Donating blood in Nicaragua was exactly the same as in the US.  I learned that Nicaragua has one of the greatest donor rates in the entire world!
500cc later... I've ensured Sara will receive blood :)
Katie and Matt finishing up and about to relax with some pear juice.
Amanda mid-stick.
When Karen learned she was a universal donor, she got extremely excited and asked how often she was able to donate.  The sense of community and desire to help others in this country is amazing.

Monday, February 7, 2011


This past Saturday, we gathered children and their families from our Child Sponsorship program and headed to the Land for a paseo (field trip)!  The Land is a sports complex created and maintained by the August family, missionaries from Seattle, Washington.  We danced to music, ate snacks of bananas and cremas, played on the swings, shot hoops, and played lots of soccer, keep away, and tag.  The day ended with a piñata and lots of smiles as the kids collected as many caramelas (candies) that their little hands could hold. 
The field trip was an incredibly fun opportunity for the families as they rarely leave the confines of Chureca.  It was an afternoon where the kids weren’t expected to help work and the parents could relax as their little ones ran out their seemingly endless amounts of energy.  The PDs also took advantage of this time to further our relationships with our CS community.
Douglas takes a swing at the piñata

how many caramelas can you hold?

Jose Antonio


Tuesday, February 1, 2011

Ready, Set, Fast!

This past Thursday and Friday the Manna Project volunteers and staff from all three sites participated in a 30-hour famine.  Yes that does mean each and everyone of us went thirty hours with only the consumption of water and juice, and I'll be the first to admit that it was not easy. It began on Thursday at one in the afternoon and ended the following night at seven in the evening.  World Vision developed the 30-hour famine as a fundraiser to help raise money and awareness toward its global effects to end hunger, and so we thought it would be something unique and enlightening to do as a team.  According to the World Vision website, more than 1 billion people go hungry everyday, and so for thirty hours we experienced a little bit of what about a third of the population battles with on a daily basis. Even though this event was a test to our physical and mental strength, I think we would all agree that we were grateful to have participated and for experience and insight we acquired because of it. To break the fast one of Amira's friends Kathryn, who works for the Canadian Red Cross, came to the house and gave us a brief presentation on some current nutrition issues here in Nicaragua and the work that she is specifically involved in.  She presented us with a lot of awesome resources and information, some of which the Child Sponsorship team might use.  And then after we had a feast of spaghetti and ice cream. Delicious!!
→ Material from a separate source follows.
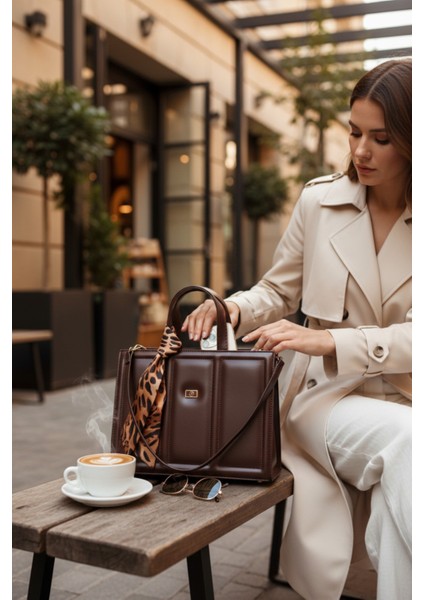 Kadın Kahverengi Fular Detaylı El-Omuz Çanta Şık ve Modern Tasarım modelleri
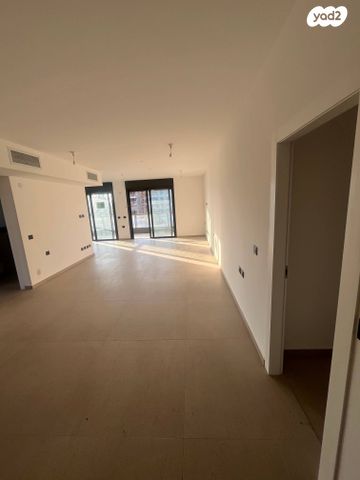 דירה, מאה ושישים 1, מרכז דרום, רעננה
Also this past week Steph and Matt worked with Amanda Gutierrez, a local missionary here in Nicaragua, to help give out backpacks to kids who passed their last year of school.  In order to receive a backpack, the child had to bring their report card as evidence of their completion.  Inside of the backpacks were various school supplies for the upcoming year, such as notebooks, rulers, and pens and pencils.  The kids were definitely excited for their new things, and lets hope even more excited for the upcoming school year, which begins February 15th!

Steph and Alba signing people in.
All of the backpacks sorted by grade level.
Some of the boys excited to show off their new supplies!